Records for this exercise »
[Start of Attachment]
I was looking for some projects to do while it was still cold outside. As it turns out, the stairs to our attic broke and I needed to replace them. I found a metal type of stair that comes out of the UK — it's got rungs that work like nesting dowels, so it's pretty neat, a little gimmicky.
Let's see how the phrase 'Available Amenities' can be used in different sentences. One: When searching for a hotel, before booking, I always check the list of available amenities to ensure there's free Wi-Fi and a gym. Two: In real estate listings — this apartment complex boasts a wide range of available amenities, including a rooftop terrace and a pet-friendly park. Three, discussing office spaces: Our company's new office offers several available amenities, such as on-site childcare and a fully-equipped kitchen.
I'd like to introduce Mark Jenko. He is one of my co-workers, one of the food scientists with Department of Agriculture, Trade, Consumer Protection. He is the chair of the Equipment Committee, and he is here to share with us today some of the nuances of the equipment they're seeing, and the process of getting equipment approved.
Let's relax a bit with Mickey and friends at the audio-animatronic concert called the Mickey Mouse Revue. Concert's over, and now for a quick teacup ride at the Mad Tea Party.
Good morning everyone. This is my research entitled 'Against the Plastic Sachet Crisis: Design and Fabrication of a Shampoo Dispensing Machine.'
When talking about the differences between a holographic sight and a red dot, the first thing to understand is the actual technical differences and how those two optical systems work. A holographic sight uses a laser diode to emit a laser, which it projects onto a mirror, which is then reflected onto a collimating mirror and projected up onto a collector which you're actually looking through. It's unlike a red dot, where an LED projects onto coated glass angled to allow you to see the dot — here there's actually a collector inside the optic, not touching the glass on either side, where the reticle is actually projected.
[End of Attachment]
[Start of Attachment]
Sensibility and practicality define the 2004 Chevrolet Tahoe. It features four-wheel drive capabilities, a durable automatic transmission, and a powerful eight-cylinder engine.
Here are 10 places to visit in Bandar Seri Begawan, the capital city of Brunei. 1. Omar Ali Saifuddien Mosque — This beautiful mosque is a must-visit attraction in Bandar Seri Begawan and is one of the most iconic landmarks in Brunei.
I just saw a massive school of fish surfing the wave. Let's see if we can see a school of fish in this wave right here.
[End of Attachment]
[Start of Attachment]
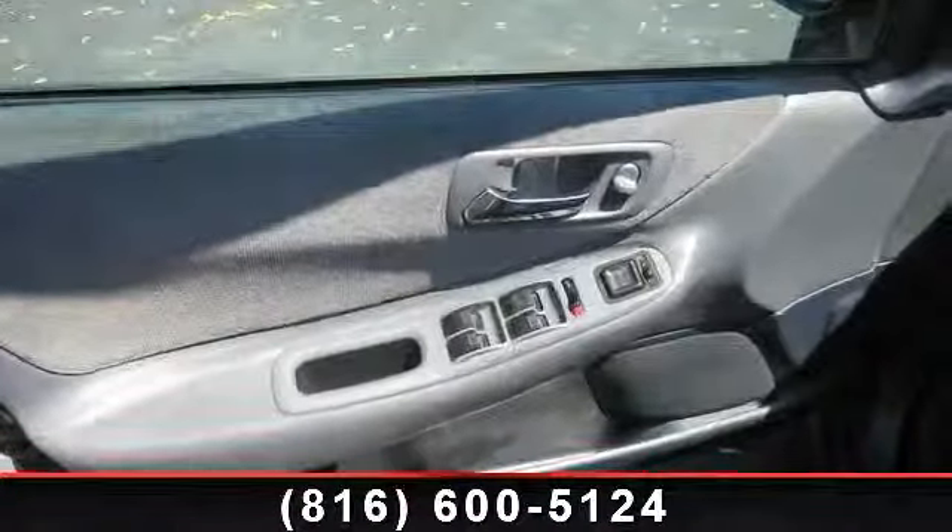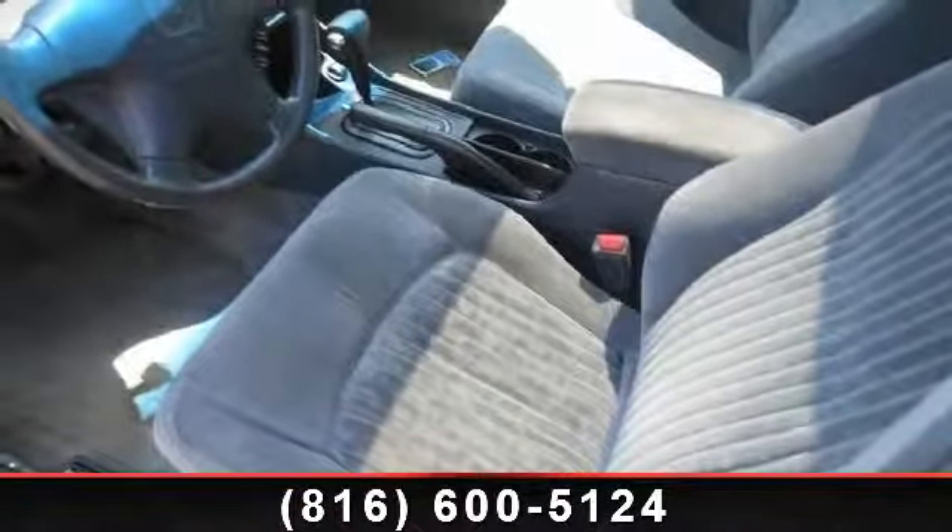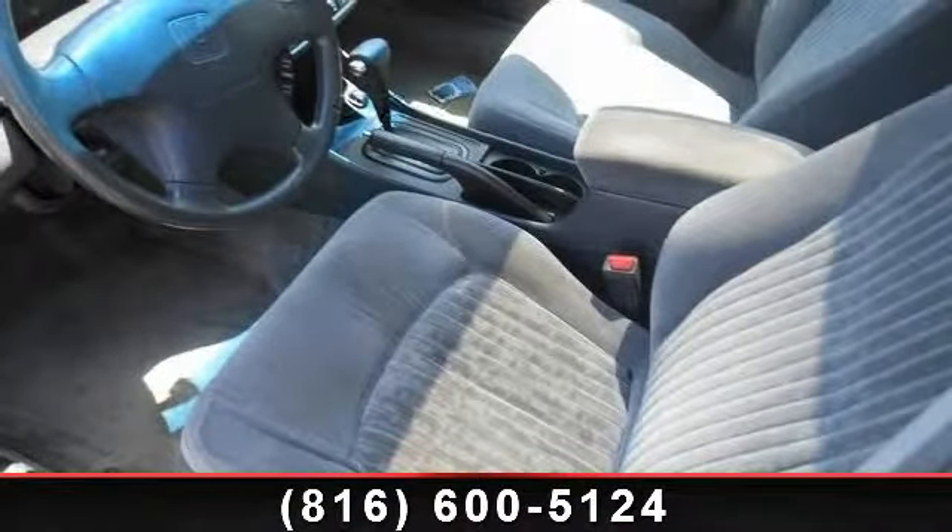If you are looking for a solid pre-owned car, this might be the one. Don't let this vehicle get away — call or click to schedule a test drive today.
[End of Attachment]
Try it » Which lines above run from the one containing "Let's relax a" to the one containing "When talking about"? Give them again exactly, both ends included.

Your solution »
Let's relax a bit with Mickey and friends at the audio-animatronic concert called the Mickey Mouse Revue. Concert's over, and now for a quick teacup ride at the Mad Tea Party.
Good morning everyone. This is my research entitled 'Against the Plastic Sachet Crisis: Design and Fabrication of a Shampoo Dispensing Machine.'
When talking about the differences between a holographic sight and a red dot, the first thing to understand is the actual technical differences and how those two optical systems work. A holographic sight uses a laser diode to emit a laser, which it projects onto a mirror, which is then reflected onto a collimating mirror and projected up onto a collector which you're actually looking through. It's unlike a red dot, where an LED projects onto coated glass angled to allow you to see the dot — here there's actually a collector inside the optic, not touching the glass on either side, where the reticle is actually projected.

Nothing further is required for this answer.